EU Public Consultation

The European Commission has ordered a study to support the evaluation of the Anti-Trafficking Directive and an impact assessment for a legislative proposal on the topic. The EU Anti-Trafficking directive is evaluated on its effectiveness, efficiency, relevance, coherence and its added value.  It is aimed to identify possible gaps and shortcomings of the current framework and to make recommendations to address these gaps and to assess the impact of possible (legal) measures in view of a potential revision of the Anti-Trafficking Directive.

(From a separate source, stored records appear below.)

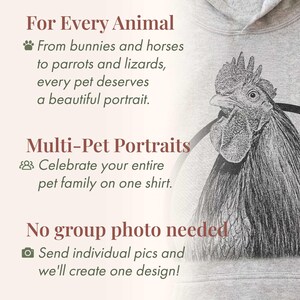 Puede incluir: Una sudadera con capucha de color gris claro que presenta un boceto detallado en blanco y negro de un gallo. El texto dice: For Every Animal, From bunnies and horses to parrots and lizards, every pet deserves a beautiful portrait. Multi-Pet Portraits, Celebrate your entire pet family on one shirt. No group photo needed, Send individual pics and we'll create one design!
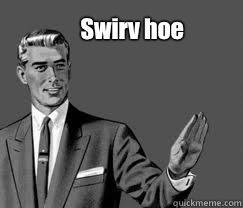 Swirv hoe   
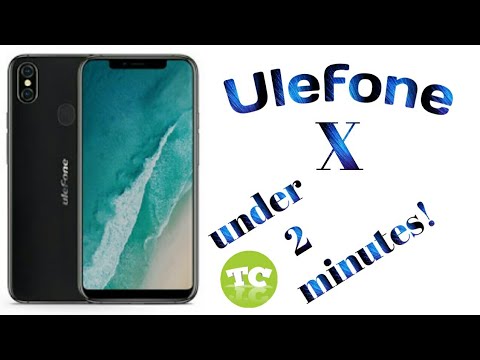 Ulefone X 2018 (in 2 minutes!) Ulefone X 2018 (in 2 minutes!)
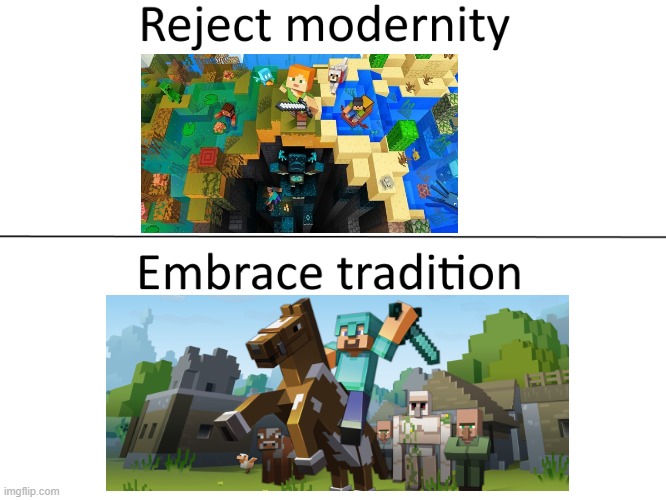 only ogs will remember - minecraft 1.19 L minecraft 1.6 W | image tagged in reject modernity embrace tradition | made w/ Imgflip meme maker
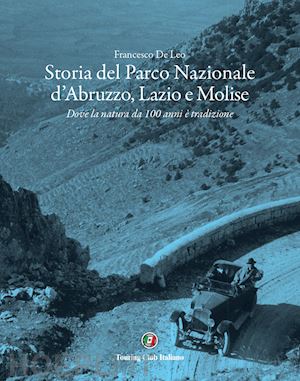 de leo francesco - storia del parco nazionale d'abruzzo, lazio e molise.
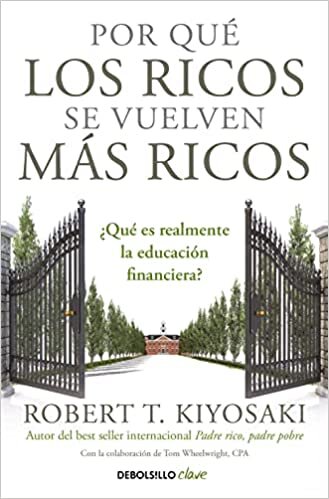 اقرأ Por qué los ricos se vuelven más ricos: ¿Qué es realmente la educación financiera? الكتاب الاليكتروني 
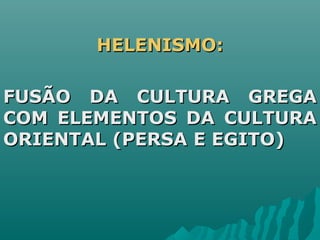 HELENISMO:HELENISMO:
FUSÃO DA CULTURA GREGAFUSÃO DA CULTURA GREGA
COM ELEMENTOS DA CULTURACOM ELEMENTOS DA CULTURA
ORIENTAL (PERSA E EGITO)ORIENTAL (PERSA E EGITO)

Already three public consultations have now been launched to receive input including from civil society. A first consultation closed on 15 September and focussed in particular on four policy scenario’s related to whether or not the Directive should be revised. The second consultation – see survey here – was supposed to close on 15 December 2021 but has now been extended until 15 January 2022.. This consultation focusses more on the impact of the Directive at national level. On 14 December, the Commission launched a 3rd public consultation which is open until 22 March 2021.

So far La Strada International has mainly been stressing for the need for better implementation of the EU Directive – as gaps in implementation have been strongly acknowledged in earlier evaluation report – and hence the Platform has been sceptic about the need for a revision of the Directive. However as an amendment proposal to the Anti-Trafficking Directive is already part of the package that the Commission should adopt,  it is quite likely that the revision will be proposed.

A risk is foreseen that a potential revision of the Directive will be used by EU MS to renegotiate and limit the scope of its important rights provisions and will reduce Member States’ obligations to protect and guarantee victims’ rights and service provision and or might be used as an excuse to continue not to implement the directive fully. Another concern that LSI has raised, is that the main reason for the proposed legislative action seems to be the wish for mandatory rules on the criminalisation of the use of services, while the positive impact of such legislation is far from clear.

Five years ago, in 2016 the European Commission published a report on the matter, which states that EU MS Member States reported ‘that it is too soon to assess their impact’. At that time 10 EU MS had established as a criminal offence the use of services which are the objects of all forms of exploitation of victims of trafficking in human beings, while fifteen Member States had established only a limited and selective criminalisation for the use of services of victims of trafficking in human beings. The Commission might better consider first looking at the impact of this legislation before trying to impose binding rules on all EU MS.